Judges Continue War on U.S. Sovereignty: Gang Fears, Domestic Violence Now Asylum Claims
Article audio sponsored by The John Birch Society

The radical Left and its sympathetic judges continued their assault on American sovereignty this week with rulings to stop the Trump administration from tightening the rules that govern who can apply for and receive asylum in the United States.

The practical result is that just about any human being on the planet can claim asylum and receive a lengthy hearing that will, effectively, make removing such a person well-nigh impossible.

The first ruling overturned the administration’s policy that tightened the requirements for a “refugee” to succeed in a claim of “credible fear” of violence or persecution in one’s home country.

The second ruling cemented a temporary ban on the president’s policy to refuse asylum claims from illegal aliens who jump the border between legal ports of entry.

Anonymous Plaintiffs
The newer of the two rulings came from the bench of Judge Emmet Sullivan of the U.S. District Court for the District of Columbia.

He ruled that the administration had wrongfully deported a group of anonymous plaintiffs, represented by the American Civil Liberties Union, of course, who sought asylum because they feared being killed.

The American officials who heard the plaintiffs’ “harrowing” tale, Sullivan ruled, decided incorrectly — pursuant to a policy established by former U.S. Attorney General Jeff Sessions — that the plaintiffs did not merit asylum.

In June, Sessions reversed a decision granting asylum to a woman who had fled her violent husband because membership in a “particular social group” was not what invited her husband’s attacks. Domestic violence, Sessions said, was not a legitimate plea for asylum. The usual hysteria followed. Sessions put the United States back in the “Dark Ages.” But the policy also applied to those claiming fear of gangs.

The judge noted that Sessions “specifically stated that few claims pertaining to domestic or gang violence by non-governmental actors could qualify for asylum or satisfy the credible fear standard” that governs such claims.

Sullivan said Sessions’ policy is illegal because it trepasses U.S. law governing asylum claims as well as international law on refugees. The hearing officers, he wrote, thought the plaintiffs’ claims were credible, but turned down asylum because of the policy.

Thus, Sullivan “permanently enjoins the government from continuing to apply those policies and from removing plaintiffs who are currently in the United States without first providing credible fear determinations consistent with the immigration laws.” As well, he ordered “the government to return to the United States the plaintiffs who were unlawfully deported and to provide them with new credible fear determinations consistent with the immigration laws.”
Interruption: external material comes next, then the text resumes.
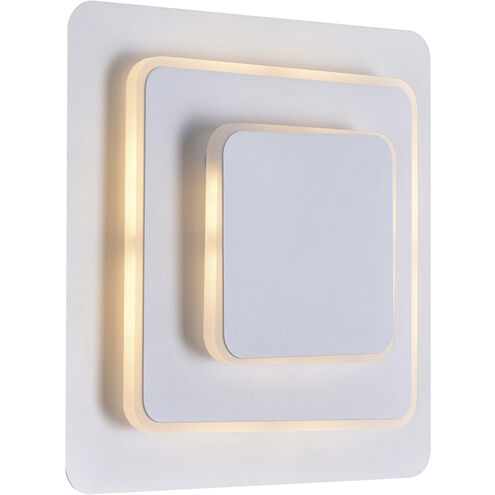 Private I LED 9 inch Matte White Wall Sconce Wall Light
In other words, any woman who crosses the border with a black eye, a sniffling child, and a tearful tale of a crazy husband must now be permitted an asylum claim. And any man who says a gang is after him can claim asylum, too.

Come on in, the Borders Are Open
But Sullivan only finished what began out on the left coast. Yesterday, Judge Jon Tigar of the U.S. District Court for the Northern District of California continued his war against a sane immigration policy.

He made permanent his 30-day order that blocked the president’s ban on asylum claims from illegal aliens, pending the outcome of the lawsuit that inspired the temporary order.

Acting on claims from the anti-American subversives at the American Civil Liberties Union and Southern Poverty Law Center, Tigar temporarily blocked President Trump’s asylum policy announced in November.

Trump said he acted because the teeming horde of illegal aliens in Tijuana, who marched north in a “migrant caravan” to invade the United States, would likely concoct false claims of persecution and fear of violence to get asylum.

Trump’s said they “intend to enter the United States unlawfully” and seek asylum even though most “will not be eligible.” They have “no basis for admission into the United States,” he said, and have “precipitated a crisis and undermines the integrity of our borders.”

Trump rightly noted that asylum claims are an “avenue to near-automatic release…. Once released, such aliens are very difficult to remove.”

Thus, “aliens who enter the United States unlawfully through the southern border in contravention of this proclamation will be ineligible to be granted asylum.” Only aliens who show up at legitimate ports of entry could apply for asylum.

Tigar blocked the order, he said, because it violates U.S. immigration law.

So now, two federal judges have punched a major hole in America’s borders. Tigar said anyone who shows up anywhere along the border cannot be denied an asylum claim. Sullivan provided anyone who shows up anywhere with a claim of “credible fear” for their safety cannot be denied asylum.